• _Supplied material_:
————————

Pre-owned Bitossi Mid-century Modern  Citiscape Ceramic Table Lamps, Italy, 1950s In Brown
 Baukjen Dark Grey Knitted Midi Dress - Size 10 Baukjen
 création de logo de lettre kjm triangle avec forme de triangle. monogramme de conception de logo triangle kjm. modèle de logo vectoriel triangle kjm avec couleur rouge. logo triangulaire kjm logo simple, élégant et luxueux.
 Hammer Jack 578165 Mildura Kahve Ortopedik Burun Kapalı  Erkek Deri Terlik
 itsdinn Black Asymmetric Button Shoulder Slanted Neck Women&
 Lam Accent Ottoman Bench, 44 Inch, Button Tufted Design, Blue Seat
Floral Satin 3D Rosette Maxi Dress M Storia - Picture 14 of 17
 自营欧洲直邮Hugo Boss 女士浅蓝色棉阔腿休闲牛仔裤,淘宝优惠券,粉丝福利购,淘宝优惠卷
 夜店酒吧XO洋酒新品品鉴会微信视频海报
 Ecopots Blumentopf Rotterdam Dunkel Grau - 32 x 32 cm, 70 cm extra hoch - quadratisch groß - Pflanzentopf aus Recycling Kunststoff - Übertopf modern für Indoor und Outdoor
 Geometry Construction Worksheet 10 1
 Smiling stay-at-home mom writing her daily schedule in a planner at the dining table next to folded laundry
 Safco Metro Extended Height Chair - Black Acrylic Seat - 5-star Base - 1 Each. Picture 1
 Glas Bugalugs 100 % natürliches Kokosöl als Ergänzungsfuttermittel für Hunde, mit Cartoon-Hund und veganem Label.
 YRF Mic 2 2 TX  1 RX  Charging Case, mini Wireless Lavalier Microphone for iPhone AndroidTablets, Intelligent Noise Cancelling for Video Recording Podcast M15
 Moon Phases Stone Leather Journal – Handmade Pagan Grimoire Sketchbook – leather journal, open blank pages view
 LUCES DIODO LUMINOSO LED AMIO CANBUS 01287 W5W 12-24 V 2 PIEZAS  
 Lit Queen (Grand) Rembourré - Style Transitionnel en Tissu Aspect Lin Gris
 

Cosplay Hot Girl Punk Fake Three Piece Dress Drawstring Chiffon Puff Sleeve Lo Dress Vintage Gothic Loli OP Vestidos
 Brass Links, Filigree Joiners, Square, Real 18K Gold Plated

————————

• _Task directions_:
Look through the data above and return exactly the lines from the one that contains "itsdinn Black Asymmetric" to the one that contains "Smiling stay-at-home mom", inclusive, with nothing else.

• _Response for this exercise_:
 itsdinn Black Asymmetric Button Shoulder Slanted Neck Women&
 Lam Accent Ottoman Bench, 44 Inch, Button Tufted Design, Blue Seat
Floral Satin 3D Rosette Maxi Dress M Storia - Picture 14 of 17
 自营欧洲直邮Hugo Boss 女士浅蓝色棉阔腿休闲牛仔裤,淘宝优惠券,粉丝福利购,淘宝优惠卷
 夜店酒吧XO洋酒新品品鉴会微信视频海报
 Ecopots Blumentopf Rotterdam Dunkel Grau - 32 x 32 cm, 70 cm extra hoch - quadratisch groß - Pflanzentopf aus Recycling Kunststoff - Übertopf modern für Indoor und Outdoor
 Geometry Construction Worksheet 10 1
 Smiling stay-at-home mom writing her daily schedule in a planner at the dining table next to folded laundry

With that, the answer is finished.